The problem is that eating less fat has actually made us fatter! In the 1960’s fats and oils made up about 45% of our calories, as compared to 33% today. Back then, the obesity rate was a mere 13% compared to 34% today. So, despite decades of nutrition authorities telling us to embrace a low-fat diet, I’m going to suggest Just One Thing to help you lose weight – eat fat!
There are 3 major types of dietary fats. Here’s the basic breakdown:
Unsaturated fats: Unsaturated fats are the “healthy fats” we so often hear about. They are found in foods including olives and olive oil, oily fish such as salmon, nuts and seeds, nut butters and avocado. Keep in mind however, not all unsaturated fats are beneficial since many vegetable oils are highly processed and can contribute to inflammation and weight gain. (Good to know! -ed.)
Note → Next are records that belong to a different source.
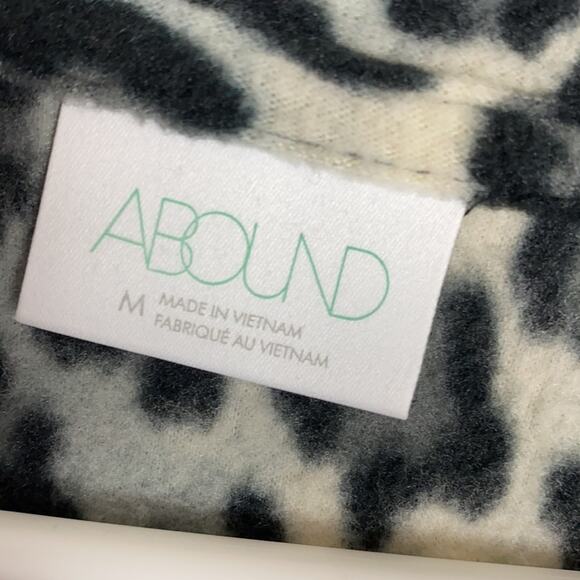 NWT Abound Nordstrom Rack Gray Leopard Cropped Fleece Top Drawstring Medium - Picture 8 of 10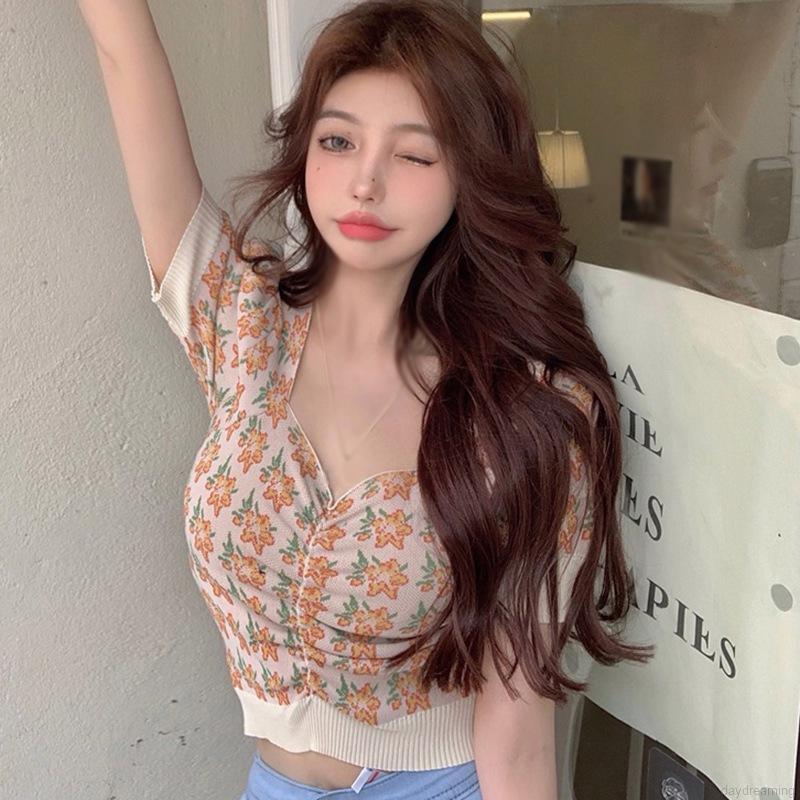 Áo Croptop Dệt Kim Tay Ngắn Cổ Vuông Hoạ Tiết Hoa Nữ Tính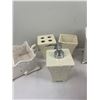 Image 3 : Ceramic Vanity Decor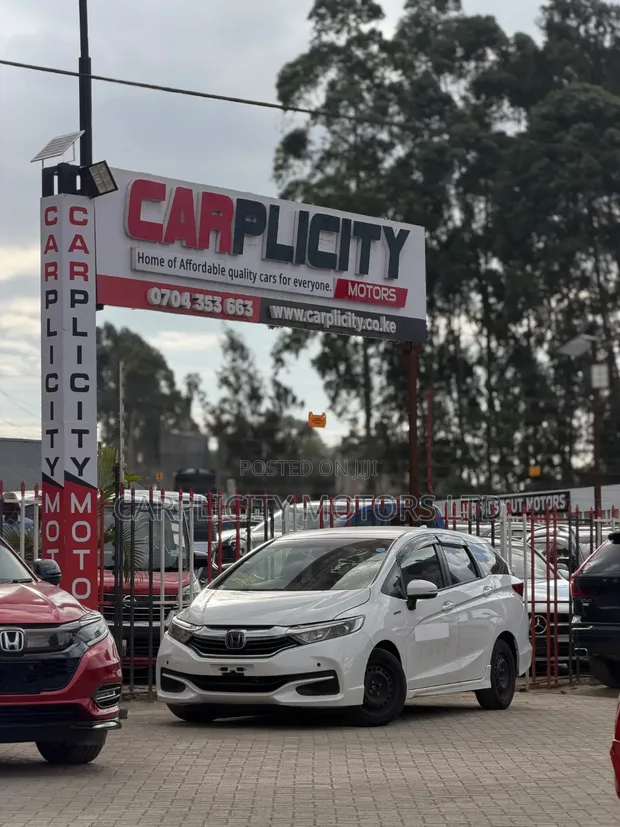 Honda Fit Shuttle 1.5 G 2WD 2019 Nyeupe - 1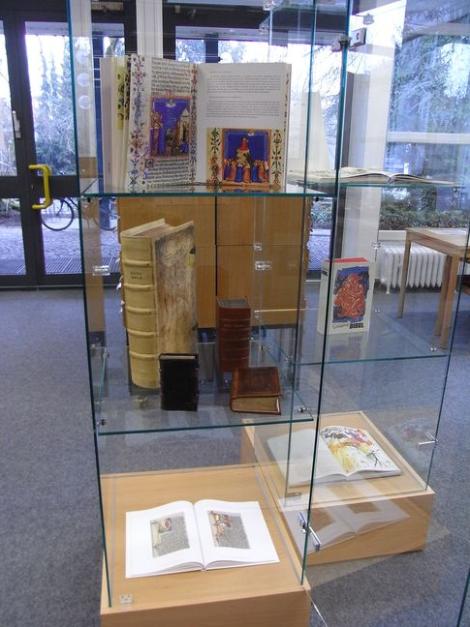Bibelausgaben aus den Beständen der Diözesanbibliothek (c) Diözesanbibliothek Aachen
Saturated fats: Saturated fats are easy to spot because they’re typically solid at room temperature (think butter or bacon fat). Consuming too many of the less healthy saturated fats (i.e. animal fats) may contribute to poor health. Interestingly, despite being a saturated fat, coconut oil has been shown to help with weight loss and has many health benefits.
Trans fats: These are by far the unhealthiest fats which are found in most processed foods including chips, crackers, and baked goods. They should be completely eliminated from your diet. (Yup. At least most of the time anyway! – ed.)
Here’s a brief list of reasons to include some healthy fats with every meal:
- Fills you up for longer (feel full = eat less!)
- Tastes good
- Helps with the absorption of fat-soluble vitamins (such as vitamins A,D,E and K)
- Supports hormonal health (like thyroid hormone which controls your metabolism)
- Supports healthy cholesterol levels
- Reduces inflammation which can contribute to weight gain
Knowing which fats and oils to choose can be confusing. (So true!- ed.) Things get even more complicated because some oils are great for cooking while others are best eaten raw. Here’s a quick go-to guide:
- Oils to Eat Raw: (e.g. salad dressing): olive, flaxseed, walnut
- Oil for Cooking: butter, coconut, sesame, safflower
- Note: Olive oil should only be used raw, but not for cooking! When heated, olive oil produces “free-radicals” which cause damage in the body. (Oops. This I did not know! – ed.)
- Eat 2 Tbsp healthy oils per day (e.g. olive, coconut, walnut, flaxseed)
- Have 2 servings of wild-caught oily fish per week (including salmon, herring, mackerel, sardines)
- Eat whole foods that naturally contain healthy fats versus processed foods that have been fortified. For example, choose wild-caught salmon instead of yogurt with added omega-3 fats.
- Avoid-low fat products (they’re often higher in sugar)
- Choose butter (a real food) versus margarine (a pseudo-food made with processed vegetable oils)
- Reduce your intake of refined vegetable oils (including soy, peanut, corn, canola)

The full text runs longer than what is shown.